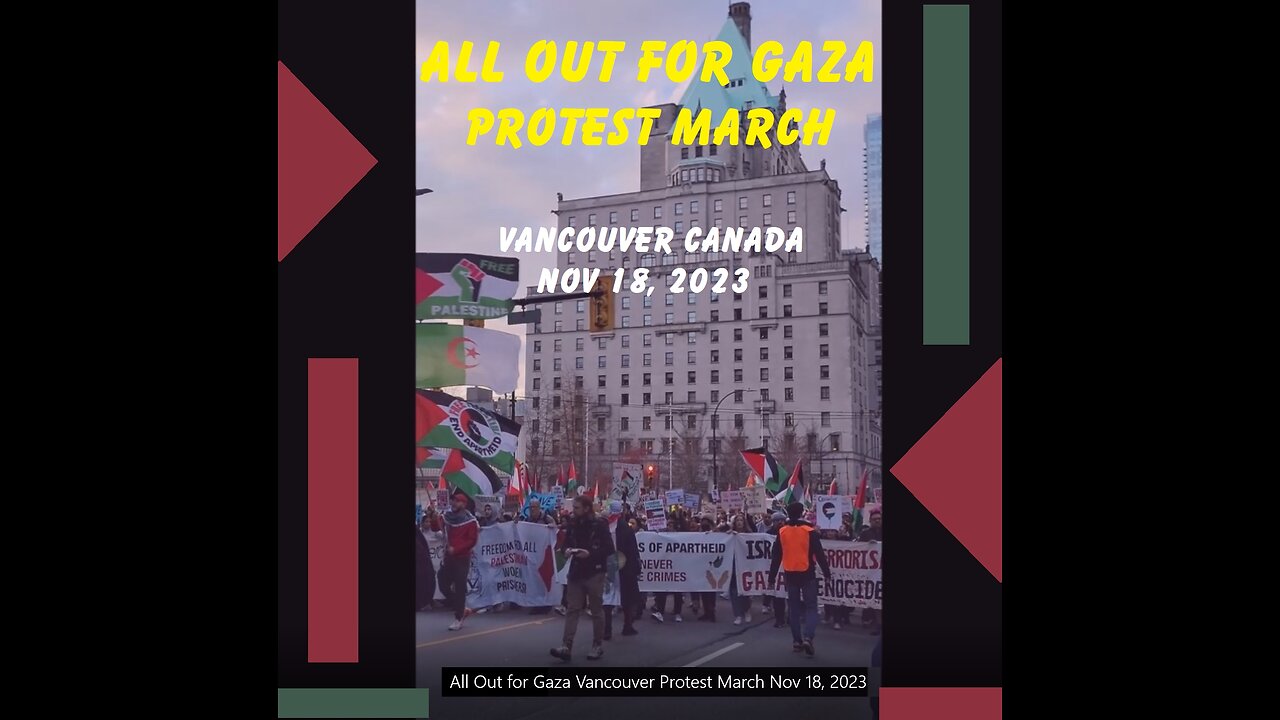 All Out for Gaza Protest March Vancouver Canada Nov 18, 2023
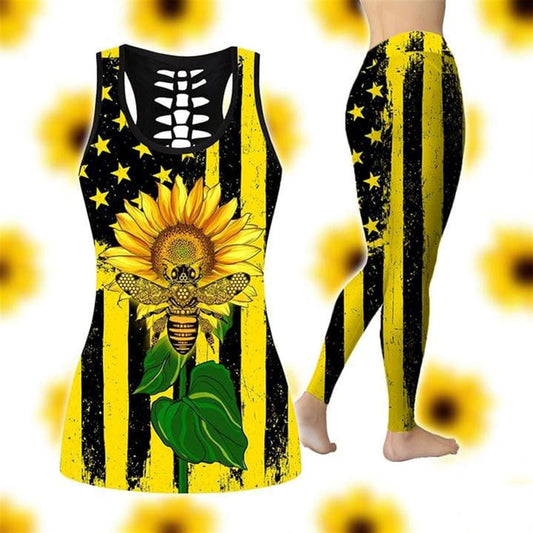 Sunflower Hippie Bee Hollow Tanktop Leggings, Sports Clothes Style Hippie For Women, Gift For Yoga Lovers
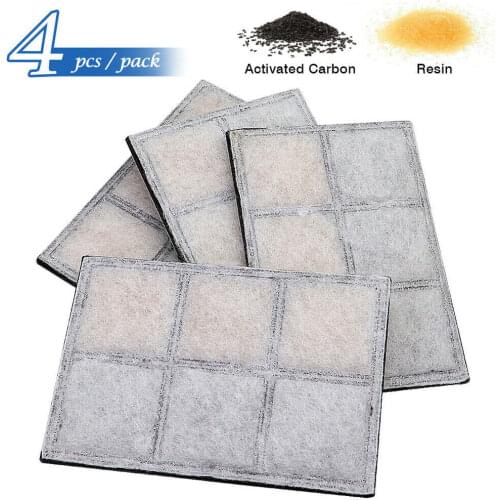 4pcs Activated Carbon Filter For 1.8L LED Automatic Dog Cat Water Drinking Fountain Replacement Pet Bowl Drink Dish Filter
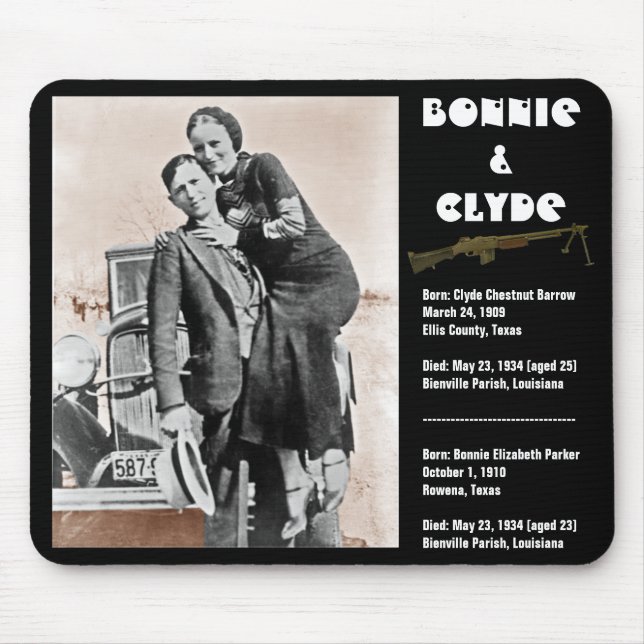 Alfombrilla De Ratón Bonnie y clyde (sepia) en el negro, (Frente)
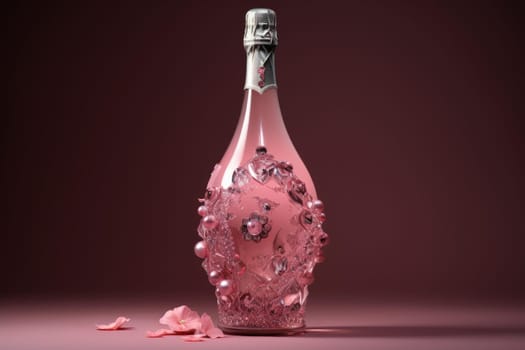 Elegant Pink champagne bottle. New party. Generate Ai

● ● ● ●

=== WORK TASK ===
Print every entry word for word; omit the pictures.

=== WRITTEN RESPONSE ===
 All Out for Gaza Protest March Vancouver Canada Nov 18, 2023
 Sunflower Hippie Bee Hollow Tanktop Leggings, Sports Clothes Style Hippie For Women, Gift For Yoga Lovers
 4pcs Activated Carbon Filter For 1.8L LED Automatic Dog Cat Water Drinking Fountain Replacement Pet Bowl Drink Dish Filter
 Alfombrilla De Ratón Bonnie y clyde (sepia) en el negro, (Frente)
 Elegant Pink champagne bottle. New party. Generate Ai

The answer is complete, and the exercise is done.